Data items:
□ □ □

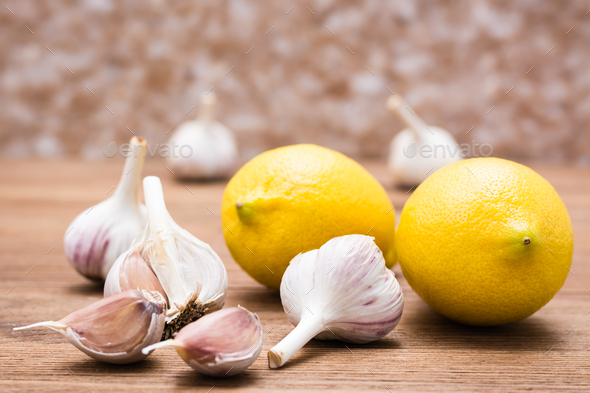 Garlic and lemon on a wooden table. Alternative medicine. Lower cholesterol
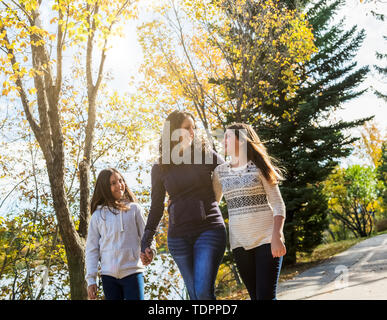 A mother and her two daughters walking and talking on a pathway in a city park on a warm autumn day; Edmonton, Alberta, Canada Stock Photo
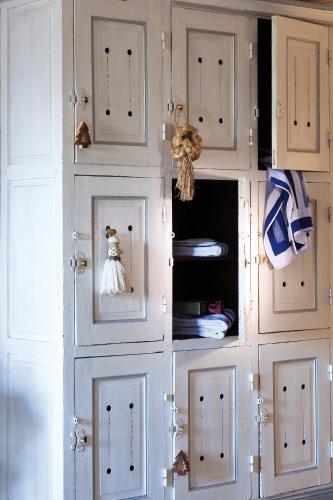 a white cabinet with white doors in a room at Hotel La Sapinière in Brioude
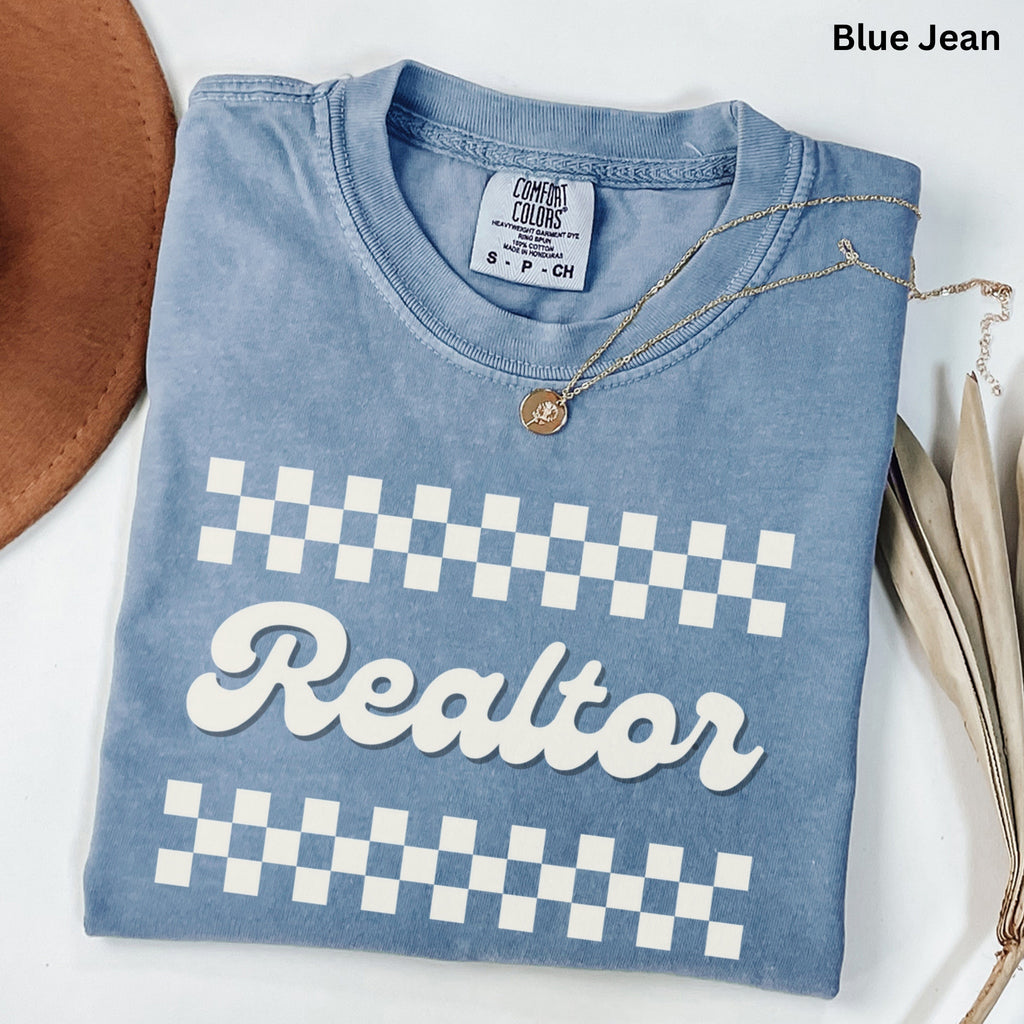 A blue t-shirt with a checkered pattern and the word "Realtor" printed on it, along with a necklace and some decorative leaves.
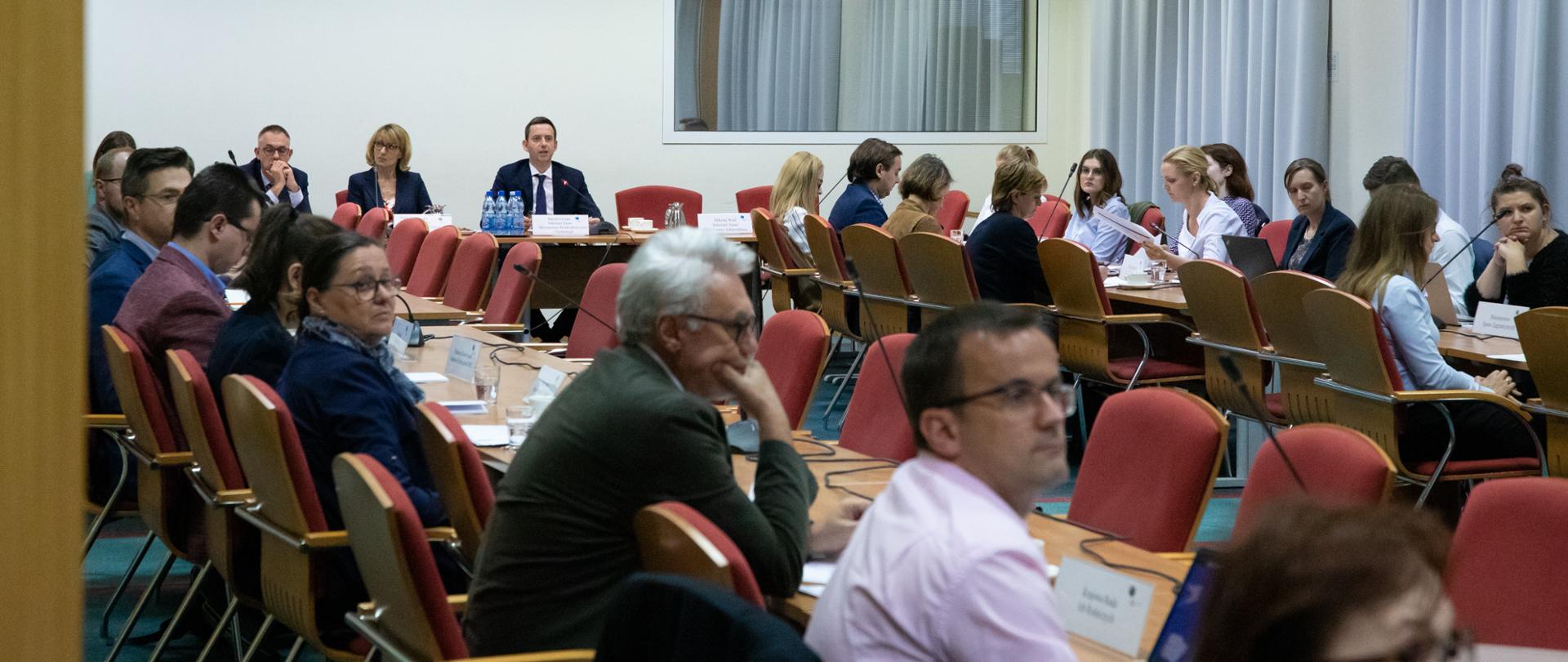 Widzimy uczestników spotkania siedzących wzdłuż stołów.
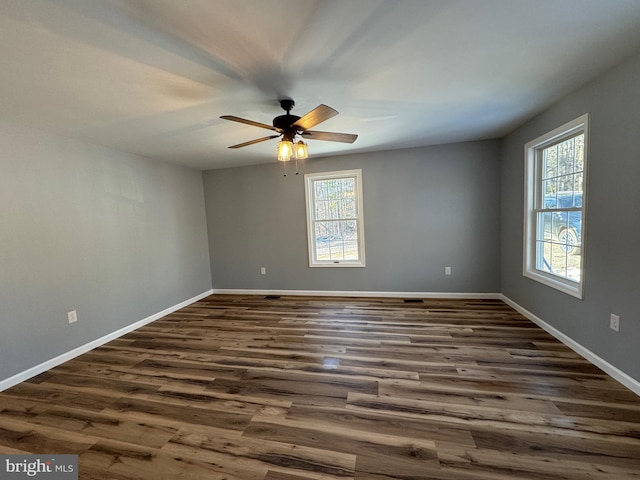 spare room with ceiling fan, a wealth of natural light, and dark hardwood / wood-style flooring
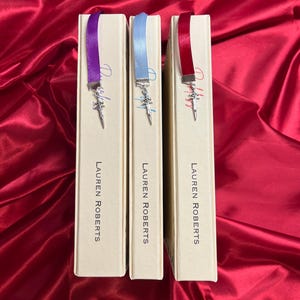 May include: Three hardcover books with matching ribbon bookmarks. Each bookmark has a silver charm in the shape of a sword. The books are all by the same author, Lauren Roberts.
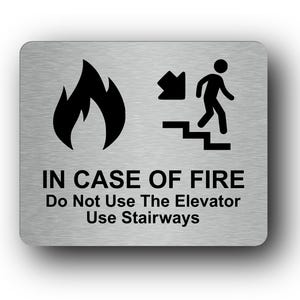 In Case Of Fire Do Not Use Elevator Use Stairways Sign Adhesive Sticker Notice with Universal Icon Symbol and Text (Size 12cm x 10cm)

□ □ □

Assignment:
Your reply should hold only the records, duplicated exactly, without any image.

Task output:
 Garlic and lemon on a wooden table. Alternative medicine. Lower cholesterol
 A mother and her two daughters walking and talking on a pathway in a city park on a warm autumn day; Edmonton, Alberta, Canada Stock Photo
 a white cabinet with white doors in a room at Hotel La Sapinière in Brioude
 A blue t-shirt with a checkered pattern and the word "Realtor" printed on it, along with a necklace and some decorative leaves.
 Widzimy uczestników spotkania siedzących wzdłuż stołów.
 spare room with ceiling fan, a wealth of natural light, and dark hardwood / wood-style flooring
 May include: Three hardcover books with matching ribbon bookmarks. Each bookmark has a silver charm in the shape of a sword. The books are all by the same author, Lauren Roberts.
 In Case Of Fire Do Not Use Elevator Use Stairways Sign Adhesive Sticker Notice with Universal Icon Symbol and Text (Size 12cm x 10cm)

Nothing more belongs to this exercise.